Entrevista:O Estado inteligente

sábado, janeiro 17, 2009

O que querem a Fiesp e os sindicatos

Acordo de vida curta

Como uma negociação para reduzir salários e preservar empregos se transformou em histeria contra os juros do Banco Central


Cíntia Borsato

Paulo Pinto/AE

JOGO DE CENA
Sindicalistas e representantes dos empresários se encontram na Fiesp. A proposta de acordo só durou dois dias

No início da semana passada, sindicalistas e empresários pareciam ter dado um raro exemplo de pragmatismo e serenidade diante do fantasma do desemprego. Depois de uma reunião na sede da Federação das Indústrias do Estado de São Paulo (Fiesp), na tarde de terça-feira 13, a Força Sindical e outros representantes de empregados aceitaram discutir um acordo para reduzir os salários e as horas trabalhadas (a CUT negou-se a participar). A notícia ganhou as manchetes dos principais jornais do país, mas teve vida curta. Na quinta-feira, a Força Sindical voltou atrás e decidiu suspender por dez dias as "negociações em andamento". Os sindicalistas, então, pediram para entregar ao presidente Lula uma lista de reivindicações – a principal delas, a redução imediata da Selic, a taxa de juros definida pelo Banco Central. A Fiesp, em vez de lamentar a chance perdida ou criticar o comportamento volátil dos sindicalistas, engrossou o coro da crítica aos juros do BC. O balé transformou-se no conhecido carnaval de lamúrias que normalmente antecede a reunião periódica do Comitê de Política Monetária (Copom), responsável pela definição da Selic, hoje em 13,75%.

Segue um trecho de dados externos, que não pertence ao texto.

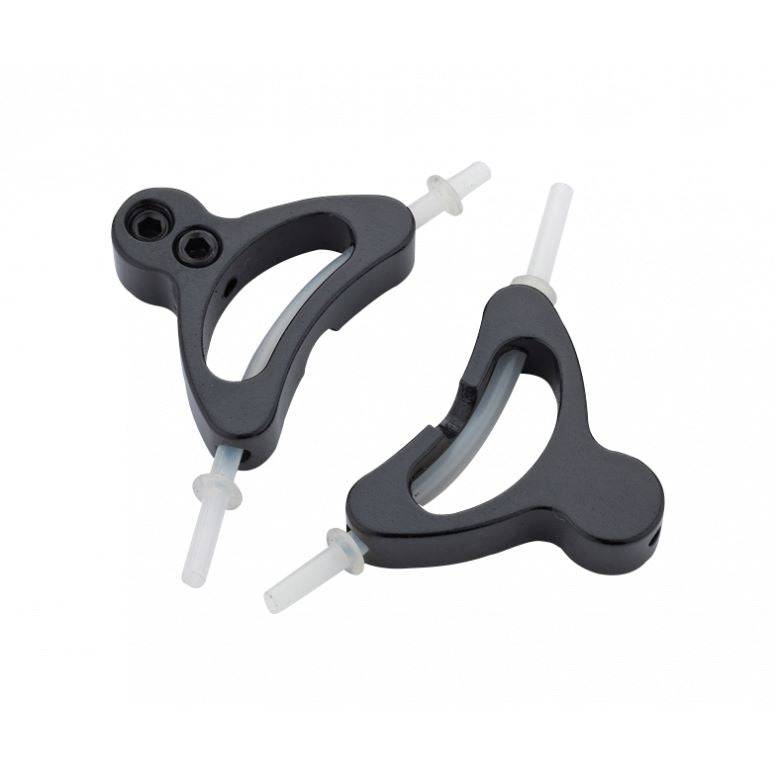 Jagwire Alloy Straddle Cable Carrier with Liner Black 2 Pack | Swinnerton Cycles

Por mais que trabalhadores e empresários tenham o direito de protestar contra o Banco Central, o Copom é uma instância eminentemente técnica que tem como objetivo manter a inflação sob controle. É assim que tem ocorrido, com sucesso, desde a introdução do sistema de metas inflacionárias, há exatos dez anos. A eventual alteração nos juros será decidida nesta quarta-feira. A expectativa, segundo economistas, é que ocorra uma redução da taxa. "As queixas de empresários e centrais sindicais seguem uma lógica que não é necessariamente técnica", diz o ex-presidente do BC Gustavo Loyola. "Se o BC se curva diante desse tipo de pressão, ele não faz uma política monetária que atenda aos interesses do país no longo prazo." Isso sem contar o óbvio. A mera redução da Selic não significa juros menores para os tomadores de crédito. A taxa definida pelo BC é uma referência, mas outros fatores são levados em conta. Desde setembro, por exemplo, a Selic permanece estável em 13,75%. Isso não impediu que os bancos brasileiros, atingidos pela crise externa, subissem os juros cobrados das empresas e dos consumidores (veja o quadro).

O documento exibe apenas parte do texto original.